Politycznym i wojskowym zadaniem polskiego wojska w prowincji Ghazni jest wytrwać u boku Amerykanów do 2014 r. z jak najmniejszymi stratami w ludziach - twierdzi "Gazeta Wyborcza".
To właśnie na 2014 r. zaplanowano zakończenie naszej misji wojskowej w Afganistanie. Taktyka jak najmniejszego zaangażowania i przeczekania misji cechuje nie tylko polskich żołnierzy i jest przyczyną niezadowolenia Amerykanów ze swoich sojuszników.
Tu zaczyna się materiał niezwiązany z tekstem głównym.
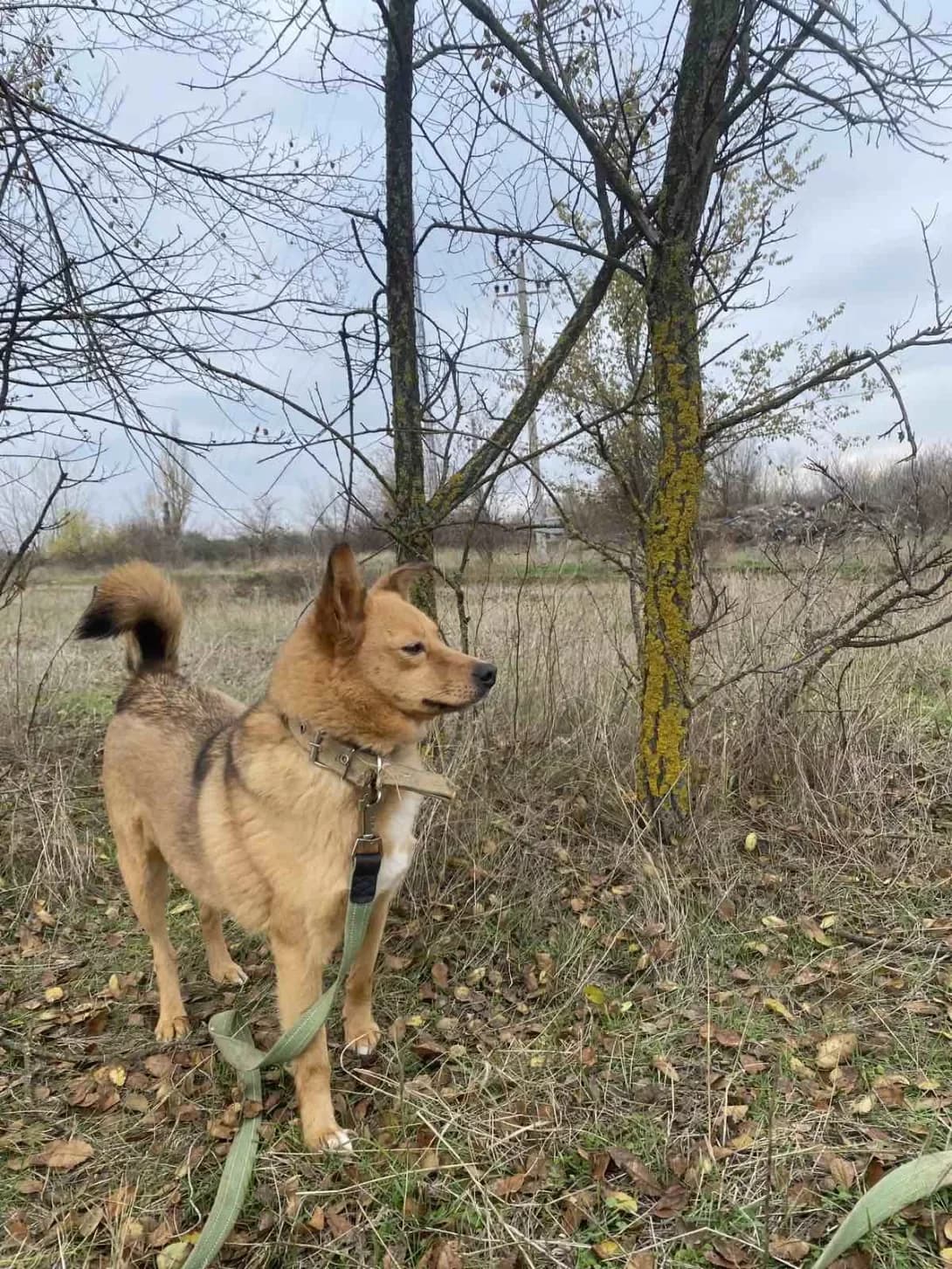 Nora (Нора), Mixed Breed (Happy Paw Dnipro)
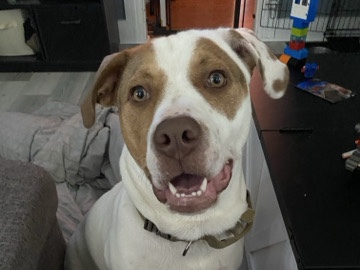 American Pit Bull Terrier – Beau to a good home – Columbus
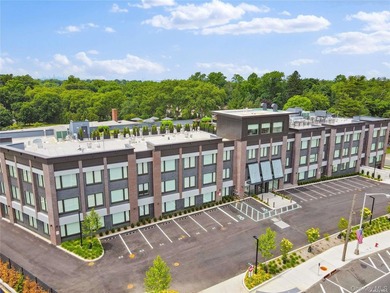 The only new construction condominium building in Great Neck, NY - photo 1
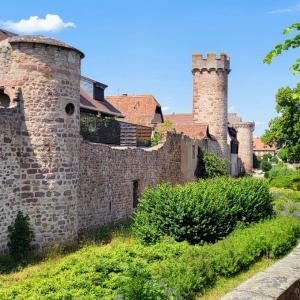 france/grand-est/obernai/rempart-marechal-foch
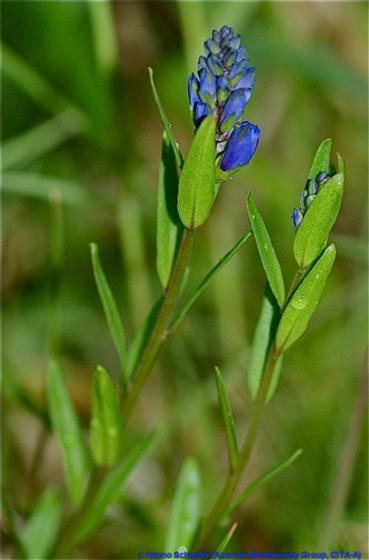 Polygala serpyllifolia Hosé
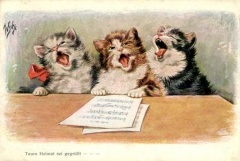 "Cat mania"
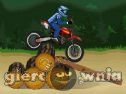 Miniaturka gry: Dirtbike Fun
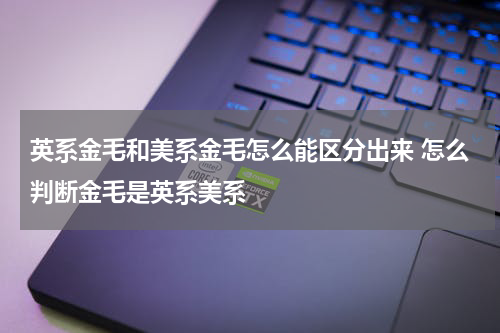英系金毛和美系金毛怎么能区分出来 怎么判断金毛是英系美系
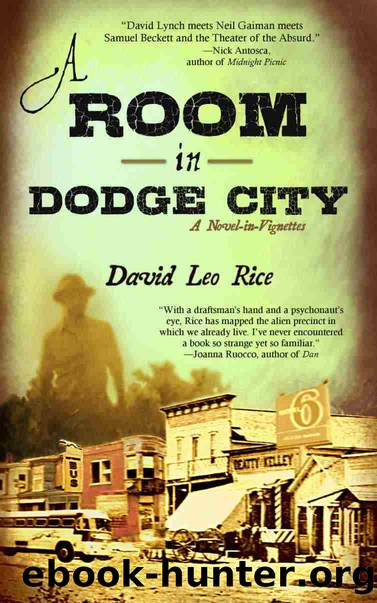 A Room in Dodge City by David Leo Rice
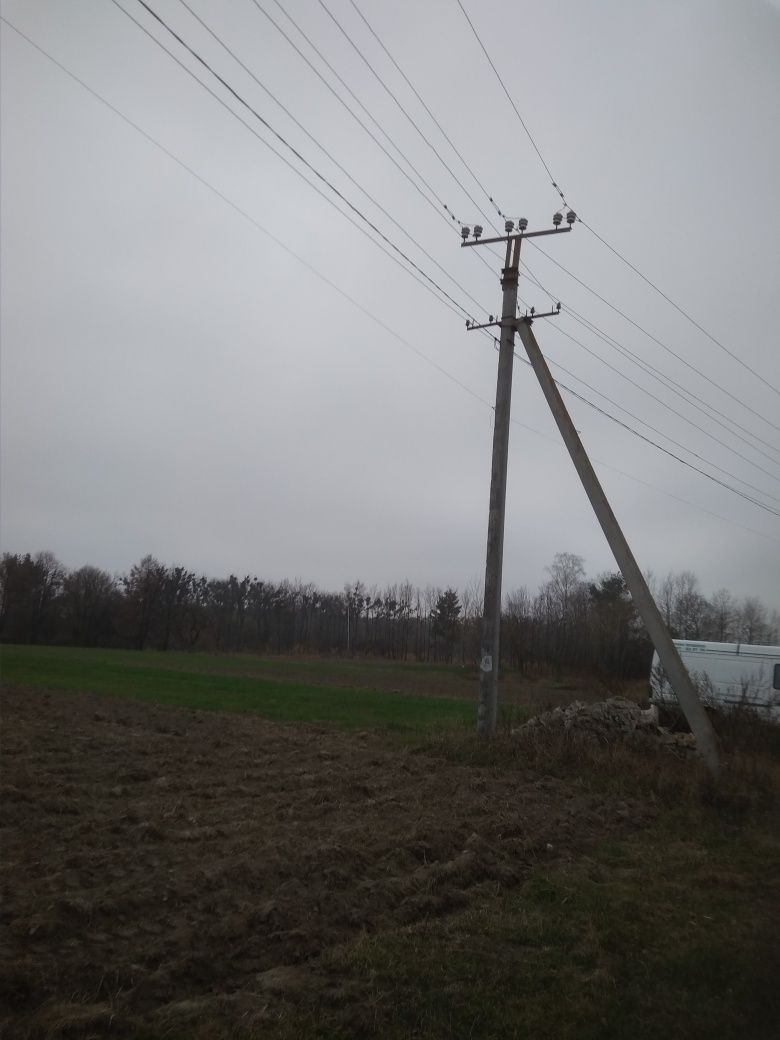 Земля 41 сота Крупець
Przedstawiciele naszej armii traktują półroczną misję głównie jako sposób na zarobienie dobrych pieniędzy, bo nawet szeregowiec dostaje powyżej 10 tys. zł miesięcznie. Zaś żołnierze amerykańscy przyjeżdżają po prostu na wojnę i nie unikają otwartej walki.
Od 2007 r. w Afganistanie zginęło 22 polskich żołnierzy przy kilkunastu tysiącach, które przewinęły się przez tamtejszą operację. To znacznie mniejszy odsetek niż np. w kontyngentach kanadyjskim, duńskim czy hiszpańskim - wylicza "Gazeta Wyborcza".